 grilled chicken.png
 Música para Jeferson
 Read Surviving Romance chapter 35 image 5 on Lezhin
****************
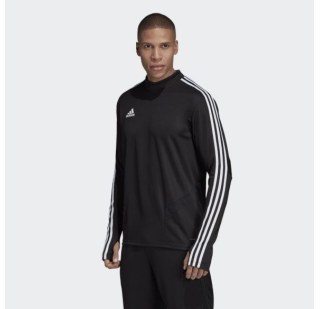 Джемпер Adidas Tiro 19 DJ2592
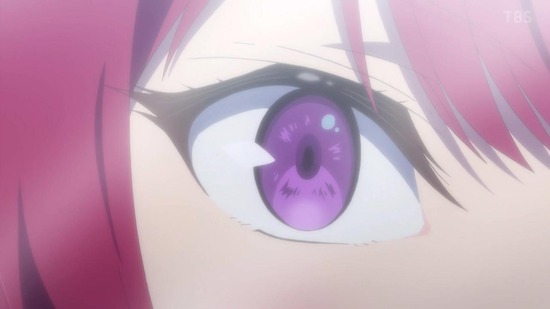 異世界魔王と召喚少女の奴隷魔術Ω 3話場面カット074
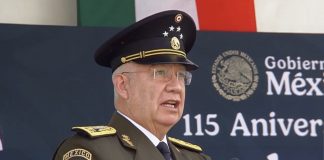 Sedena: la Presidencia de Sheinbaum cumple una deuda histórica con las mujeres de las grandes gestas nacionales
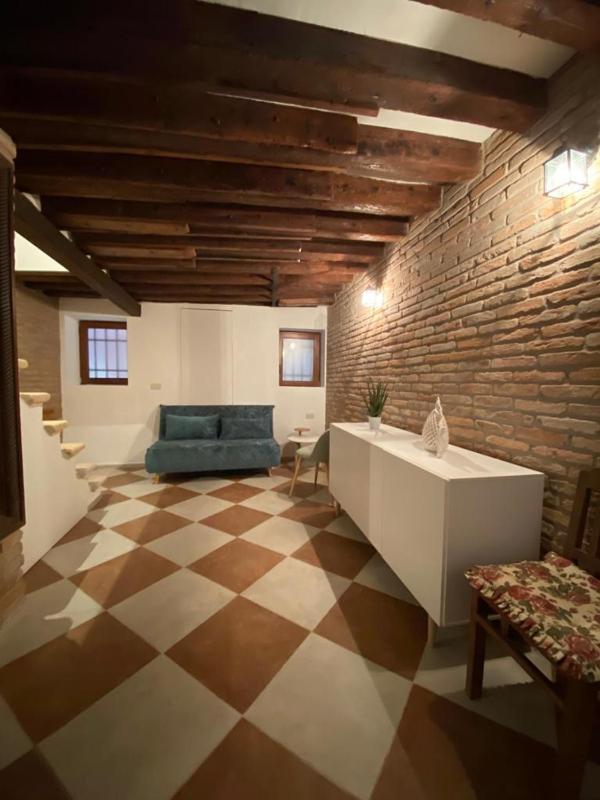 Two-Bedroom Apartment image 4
****************
(What the task asks):
Reproduce exactly the section above that begins at the line containing "grilled chicken.png" and ends at the line containing "Read Surviving Romance", leaving out all other lines.

(Task answer):
 grilled chicken.png
 Música para Jeferson
 Read Surviving Romance chapter 35 image 5 on Lezhin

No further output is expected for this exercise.